Sunday, August 7, 2011

I want to present an example of the application of this theory of Eurocentrism to the TV series, “My Big Fat Gypsy Wedding” which is screened on Thursdays, on TV1 at 8.30pm. Additionally there is the contributing factor of miscegenation addressed as the couple getting married are not from the same culture.

Eurocentrism is the notion of placing Europe as the central model for the “values, beliefs, cultures and judgements as ‘normal, natural and ideal” (Sue Abel).

“My Big Fat Gypsy Wedding” documents the culture of a minority ‘Other’ group in the UK who call themselves ‘Travellers’ but are also labelled as a more negative term: ‘Gypsies’ which connotes ideas of shiftiness, criminal activity and the exotic. The title itself references the film, “My Big Fat Greek Wedding” which parodies the Greek culture.
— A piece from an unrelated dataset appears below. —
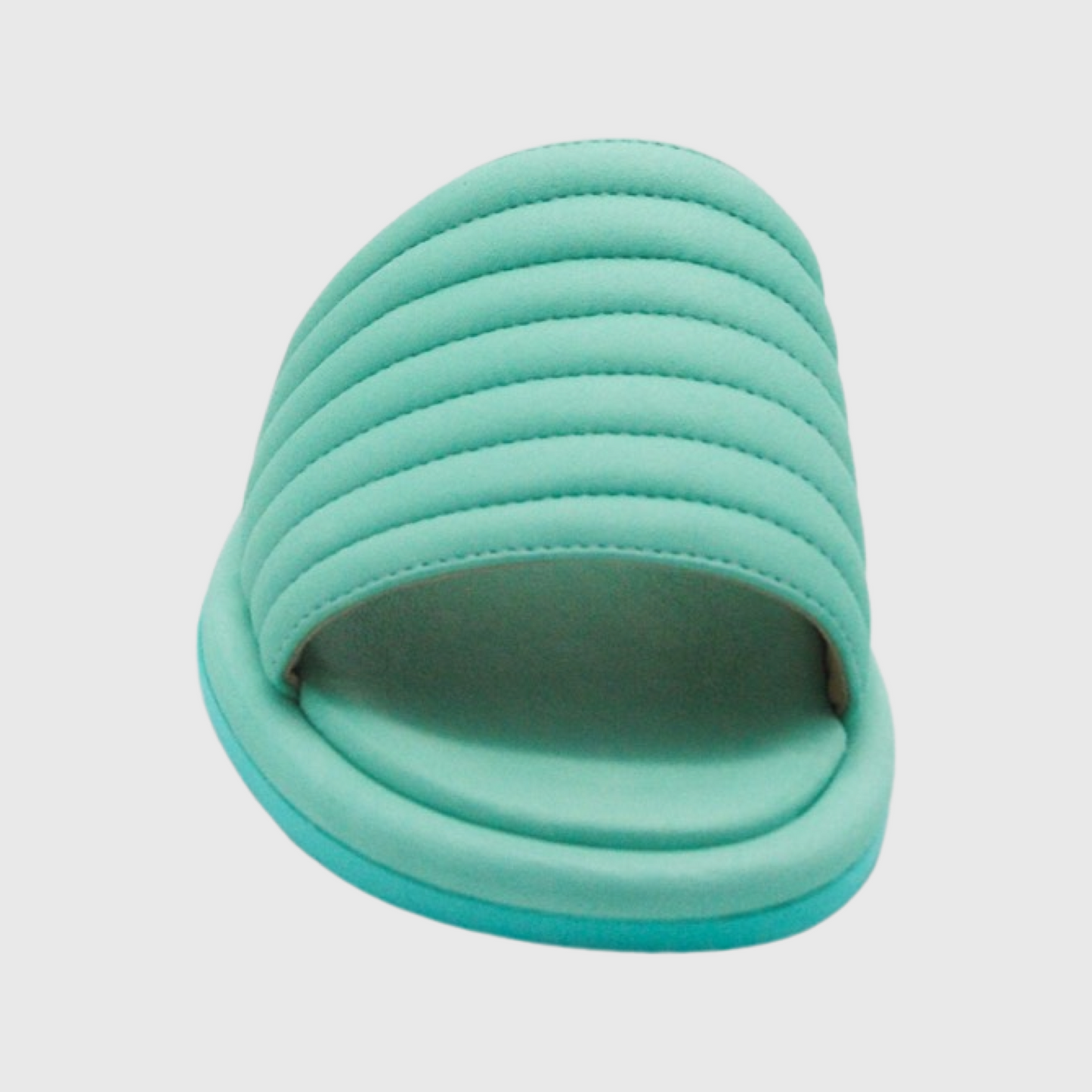 Slip-in skinnsandal i mintgrön kalvskinn. Öppen tå med mjuk ovandel av innerfoder ab getskinn.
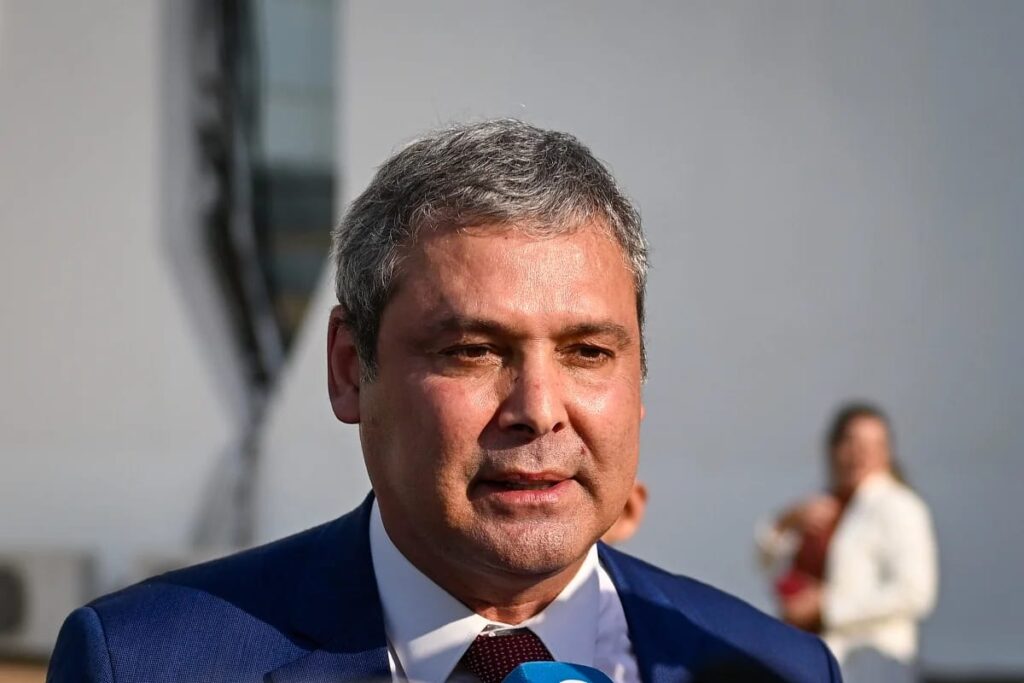 PT debate rompimento com Centrão em ato no Rio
The scene which I have chosen to use as evidence of Eurocentrism was in the programme screened on Thursday 4 August. The documentary maker accompanied an engaged couple on their pursuit to purchase a caravan as their future marital home. As mentioned, the couple were not from the same culture; the young man was a Traveller but the young woman was white and British/European. The young woman was choosing to cross cultures and embrace the Traveller culture. The documentary maker comments to the young woman (he is off camera as he contributes his Eurocentric opinion) of challenging the young woman by stating that a caravan wasn’t a home. She responded to this by saying that a home is where you live so why couldn’t a caravan be a home? Allowing this exchange to be part of the programme represents not only the bias of the documentary maker (despite his efforts - albeit constructed and contrived - to portray a fly on the wall documentary of the culture of Travellers) but also it enforces Eurocentrism by projecting onto her the ‘normal’ conventions of ‘normal’ European people who live in one place and in a house not a caravan. This indicates the convention that caravans for Europeans are mobile holiday homes not permanent dwellings.

A further example of Eurocentrism was the use of a posh female narrator which reinforces the differences between the perceived highest type of white British culture and the perceived lowest type of culture that the Travellers are being represented as.

This programme is not a case of ‘new racism’ but racism of the ‘old’ unmitigated type.

2 Comments:

At August 8, 2011 at 10:18 PM , Blogger Samah said...

I just wanted to note one thing... I haven't seen the episode where the documentary maker makes those comments about the caravan, so I don't know the context, but from what I can see it doesn't necessarily show that he's professing a Eurocentric opinion. It seems like he's simply stating his opinion--that is, that a caravan is not a home. That would only be Eurocentric if the only people who lived in houses, and in one place, were the Europeans. Of course that is not true, and people in many other cultures also live in houses (and not in caravans). Therefore, by assuming the universal 'home' is the stationary house, he is not being racist, as this idea of housing is not unique to Europe. Just a thought :)

 
At August 10, 2011 at 10:32 PM , Blogger joanna said...

thanks for your comment, i think that's a valid thing to say. Perhaps it would have been better if i had just linked it to simply covert racism based on the way he was delivering his opinion which was in a snide and judgmental way. At the same time though, i do think that although living in a house is not just a solely eurocentric concept, it is a concept that rings true for me as one nonetheless -particularly when said the way it was said and by whom it was said and compared to the Travelers in the show.